Re: [PATCH] Prevent megablobs from gunking up git packs

"Dana How" <danahow@xxxxxxxxx> · Tue, 22 May 2007 00:33:23 -0700

On 5/21/07, Shawn O. Pearce <spearce@xxxxxxxxxxx> wrote:
Dana How <danahow@xxxxxxxxx> wrote:
> ...  Operations
> such as "git-log --pretty=oneline" were about 30X faster
> on a cold cache and 2 to 3X faster otherwise.  Process sizes
> remained reasonable.

Can you give me details about your system?  Is this a 64 bit binary?
RHEL4/Nahant on an Opteron.
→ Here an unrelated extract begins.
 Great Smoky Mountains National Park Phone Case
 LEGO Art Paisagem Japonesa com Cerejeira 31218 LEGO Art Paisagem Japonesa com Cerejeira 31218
Yes.

What is your core.packedGitWindowSize and core.packedGitLimit set to?
I didn't change the default.

It sounds like the packed version was almost 3 GiB smaller, but
was slower because we were mmap'ing far too much data at startup
and that was making your OS page in things that you didn't really
need to have.
The difference in size is because of the "Custom compression levels"
patch -- now the loose objects use Z_BEST_SPEED,  whereas the packs
use Z_DEFAULT_COMPRESSION.

Mind trying git-log with a smaller core.packedGitWindow{Size,Limit}?
Perhaps its just as simple as our defaults are far far too high for
your workload...
I think that's a good idea and it should be easy to try tomorrow.
It will improve the cold cache case definitely.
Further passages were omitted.